■ WHAT IS EXPECTED ■
Nothing but the lines from the start of the entries through the line holding "Liv & Let Liv" is to be repeated, exactly and with pictures excluded.

───── DATA IN THIS EXERCISE ─────

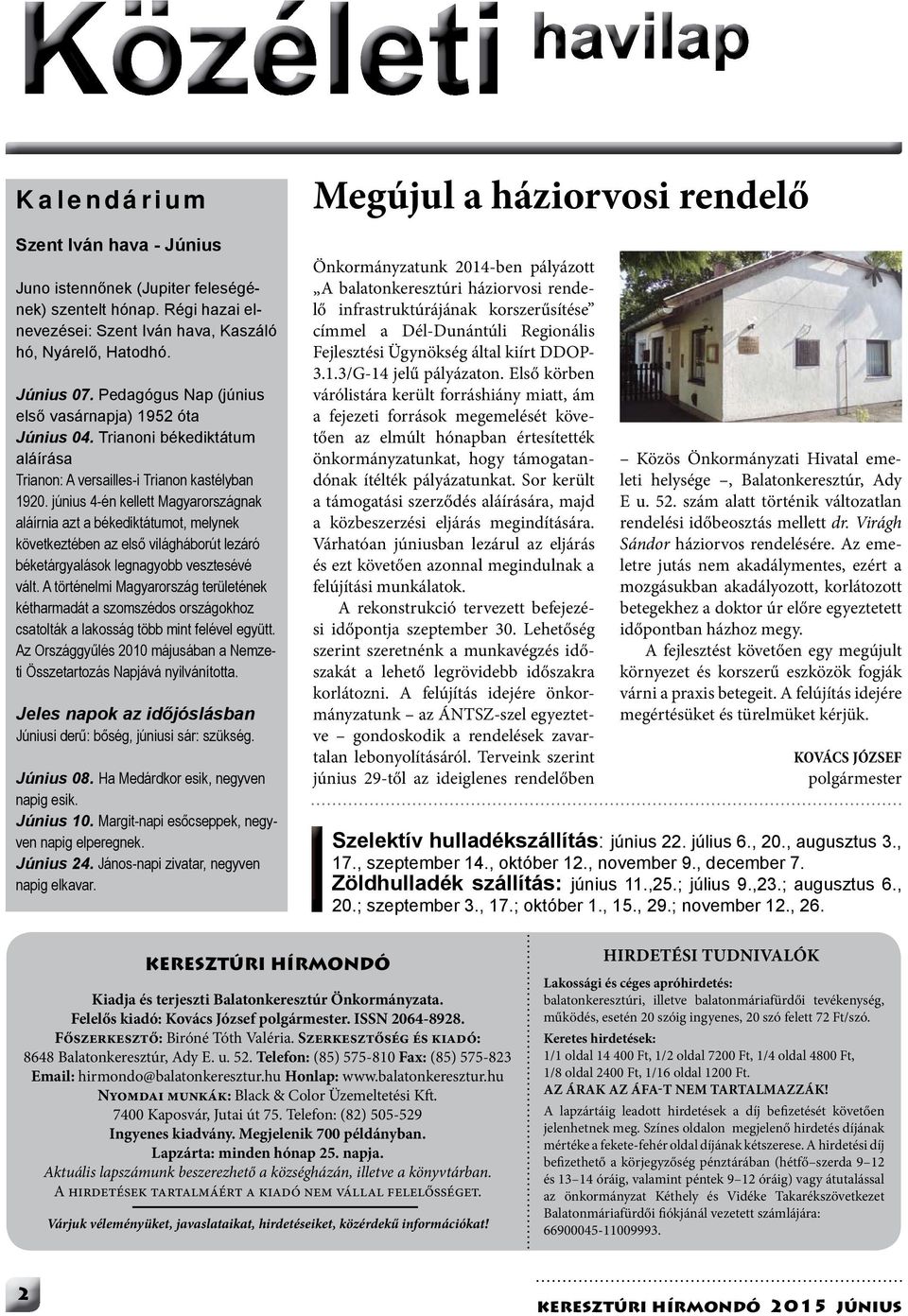 június 4-én kellett Magyarországnak aláírnia azt a békediktátumot, melynek következtében az első világháborút lezáró béketárgyalások legnagyobb vesztesévé vált.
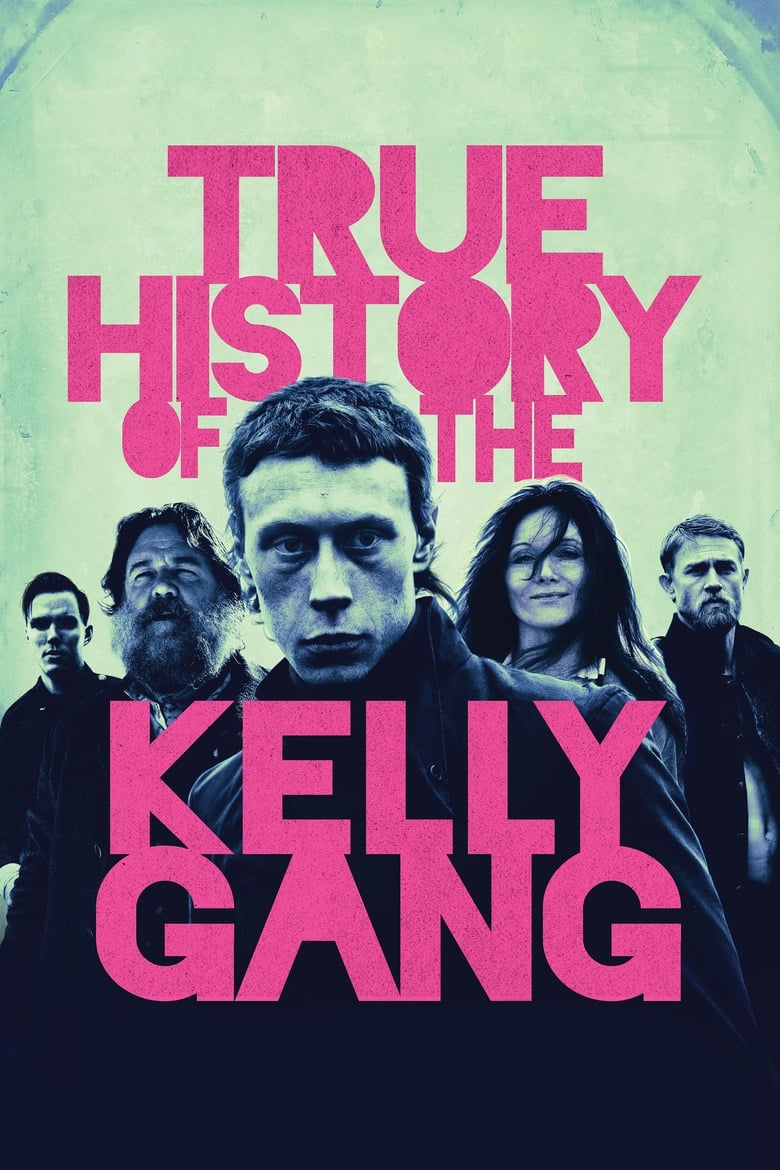 فيلم True History of the Kelly Gang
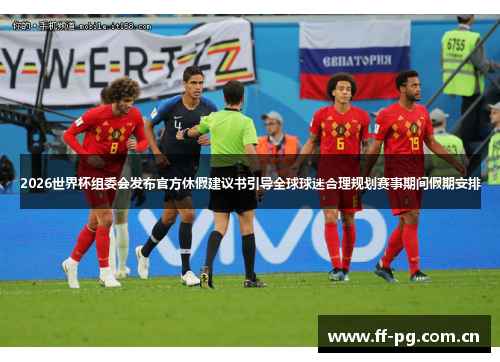 2026世界杯组委会发布官方休假建议书引导全球球迷合理规划赛事期间假期安排 2026世界杯组委会发布官方休假建议书引导全球球迷合理规划赛事期间假期安排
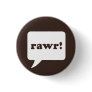 "rawr!" button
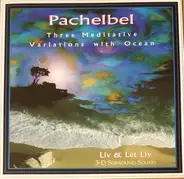 Liv & Let Liv - Pachelbel Three Meditative Variations With Ocean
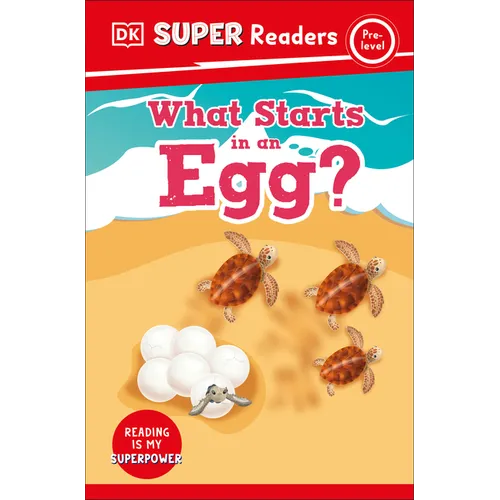 DK Super Readers Pre-Level What Starts in an Egg? - Paperback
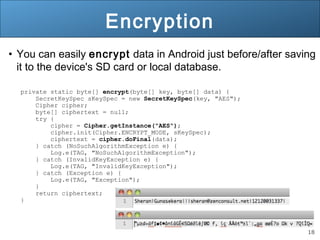 18
Encryption
• You can easily encrypt data in Android just before/after saving
it to the device's SD card or local database.
private static byte[] encrypt(byte[] key, byte[] data) {
SecretKeySpec sKeySpec = new SecretKeySpec(key, "AES");
Cipher cipher;
byte[] ciphertext = null;
try {
cipher = Cipher.getInstance("AES");
cipher.init(Cipher.ENCRYPT_MODE, sKeySpec);
ciphertext = cipher.doFinal(data);
} catch (NoSuchAlgorithmException e) {
Log.e(TAG, "NoSuchAlgorithmException");
} catch (InvalidKeyException e) {
Log.e(TAG, "InvalidKeyException");
} catch (Exception e) {
Log.e(TAG, "Exception");
}
return ciphertext;
}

─────

■ SOLUTION TO THE EXERCISE ■
 június 4-én kellett Magyarországnak aláírnia azt a békediktátumot, melynek következtében az első világháborút lezáró béketárgyalások legnagyobb vesztesévé vált.
 فيلم True History of the Kelly Gang
 2026世界杯组委会发布官方休假建议书引导全球球迷合理规划赛事期间假期安排 2026世界杯组委会发布官方休假建议书引导全球球迷合理规划赛事期间假期安排
 "rawr!" button
 Liv & Let Liv - Pachelbel Three Meditative Variations With Ocean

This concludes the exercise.